Filhote da maior águia do planeta morre após cair do ninho no Pantanal
Um filhote de harpia, espécie reconhecida como a maior águia do mundo, faleceu tragicamente após uma queda do ninho no Pantanal de Mato Grosso do Sul. O incidente ocorreu no início de março, quando o animal caiu de uma árvore alta na região de Corumbá e ficou preso entre galhos, impossibilitado de retornar ao ninho. A cena foi capturada por câmeras de monitoramento do projeto Planeta Aves, que vinha acompanhando o único ninho ativo da espécie na área.
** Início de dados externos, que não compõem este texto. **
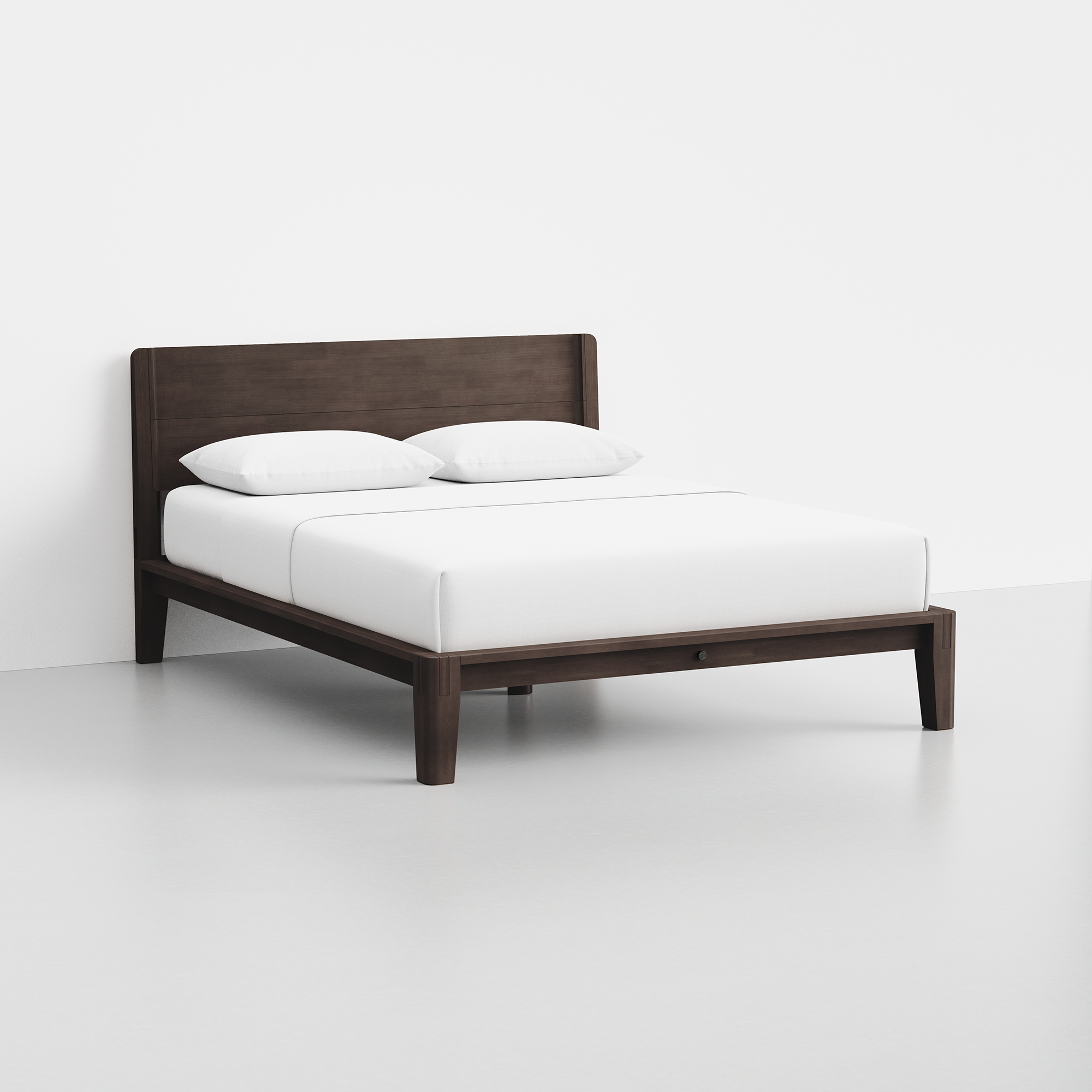 The Bed (Espresso / Headboard) - Render - Angled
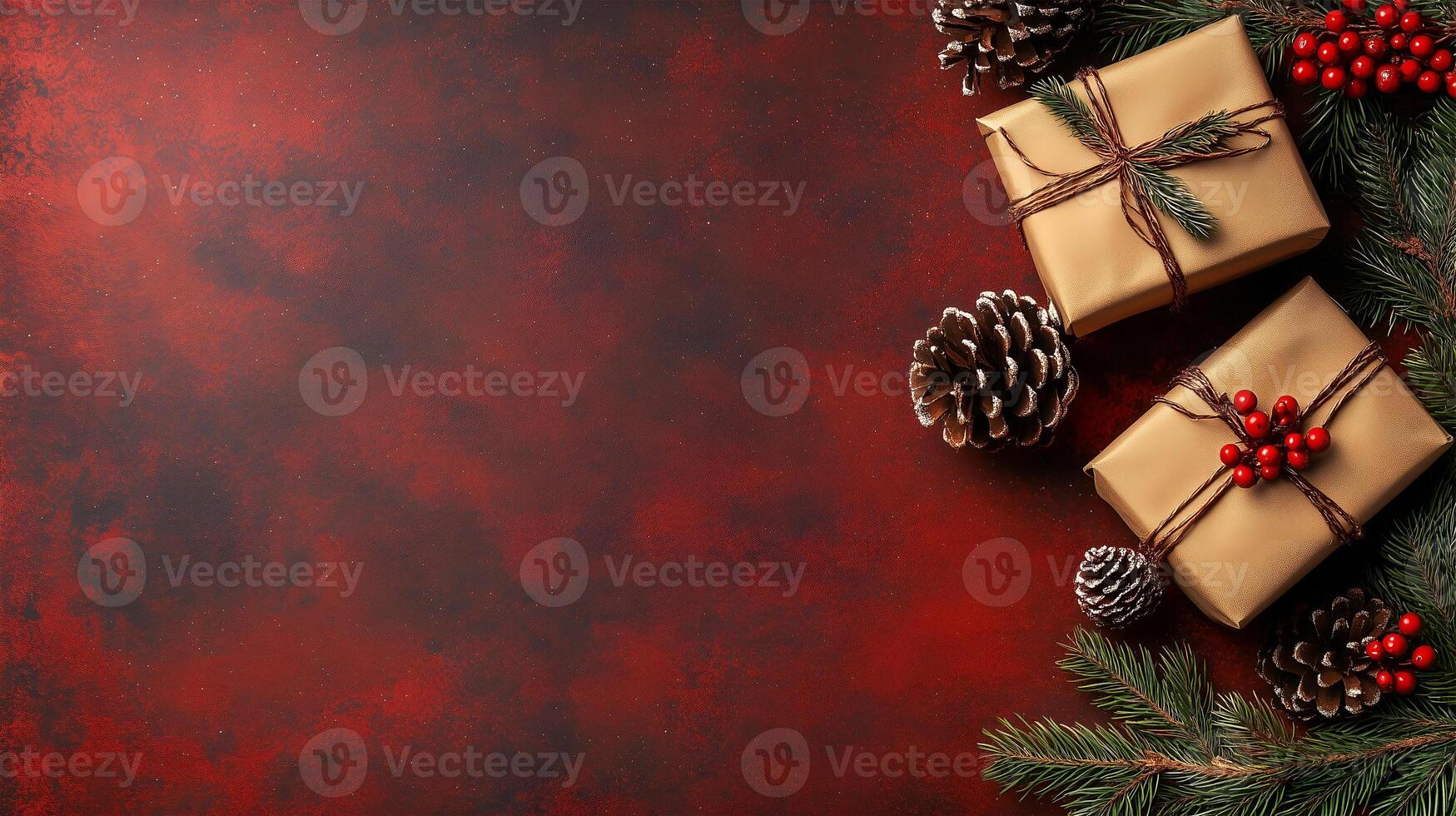 Festive Christmas background featuring wrapped gifts and natural elements with ample copy space photo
Monitoramento constante e comportamento natural
O flagrante foi realizado por uma câmera do projeto Planeta Aves, que monitora o casal de harpias há vários meses. As imagens revelam a rotina da família, com os adultos alternando voos para buscar alimento e cuidar do filhote. Segundo especialistas, aves de rapina como a harpia não possuem comportamento de resgate. Após a queda, a mãe permaneceu próxima ao local, mas não conseguiu salvar o filhote, uma situação considerada parte da dinâmica natural da vida selvagem.
Mesmo após o incidente, o casal continuou frequentando o ninho e levando folhas verdes para a estrutura. Esse comportamento pode indicar a manutenção do vínculo entre as aves e até uma possível tentativa futura de reprodução. Nas redes sociais, o projeto Planeta Aves esclareceu que situações como essa fazem parte dos processos naturais, embora difíceis, da vida selvagem.
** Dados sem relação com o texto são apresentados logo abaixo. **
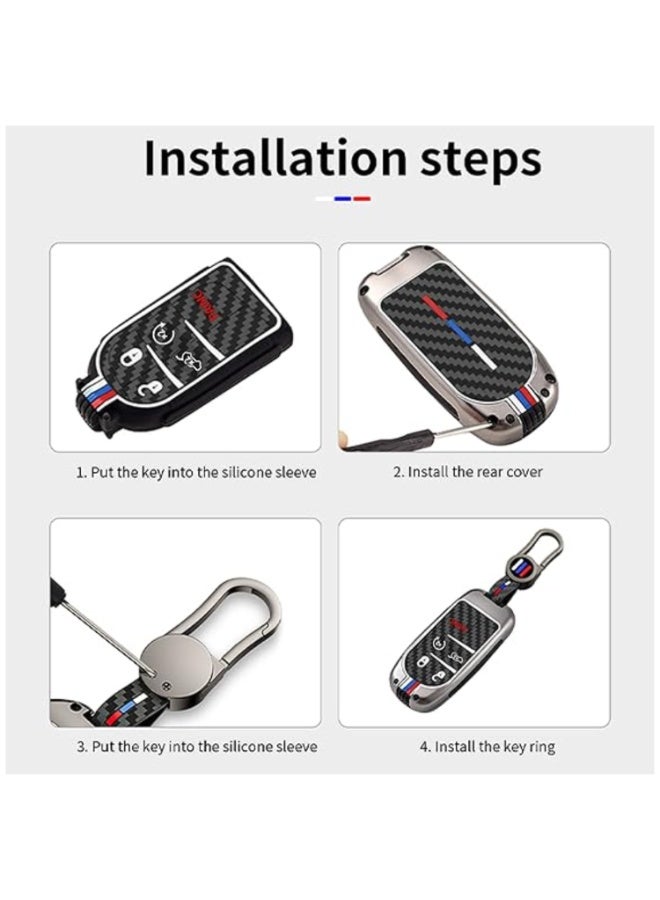 7Cylinder Zinc Alloy Durable Key Fob Cover with Key Chain Compatible with Jeep Grand, Cherokee, Wrangler, Compass Cherokee, Renegade, Patriot, Grand Comander - Metallic Grey, 5 Buttons. - Image 5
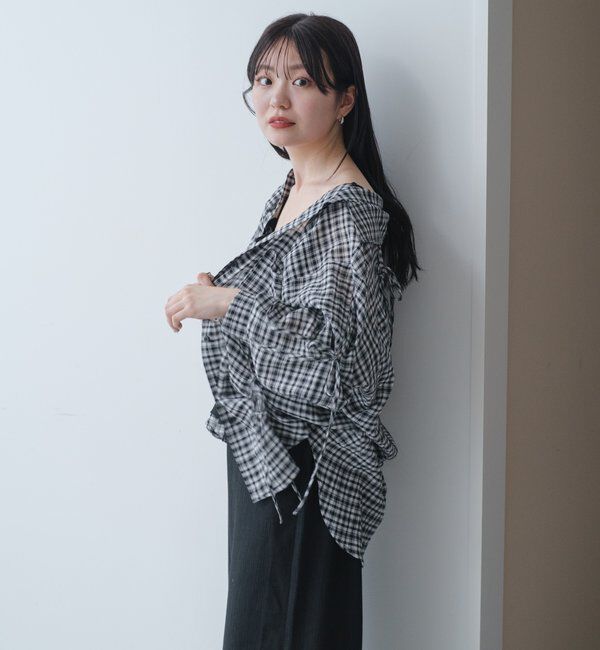  「【新色追加/S.Mサイズ展開】チェックギャザーシャツ」|シャツ・ブラウス|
Nascimento e descoberta do ninho ativo
O filhote de harpia nasceu no início de janeiro de 2026, no Maciço do Urucum, em Corumbá. O nascimento foi confirmado pelo biólogo e fotógrafo Gabriel Oliveira, que acompanha o único ninho ativo da espécie na região. Imagens registradas no local mostraram a fêmea ao lado do filhote ainda nos primeiros dias de vida, com a estimativa de que o nascimento tenha ocorrido na primeira quinzena de janeiro.
O ninho foi localizado durante uma atividade de turismo de observação de aves e vida selvagem, realizada pela empresa Icterus Ecoturismo. A partir daí, teve início o monitoramento contínuo da espécie, em parceria com o projeto Planeta Aves. Pesquisadores buscavam um ponto de reprodução da harpia no Pantanal havia mais de dez anos, com o primeiro registro da espécie na região ocorrendo em 2012. A descoberta do ninho ativo, confirmada em 2025, representou um avanço significativo para os estudos sobre a reprodução da espécie no bioma.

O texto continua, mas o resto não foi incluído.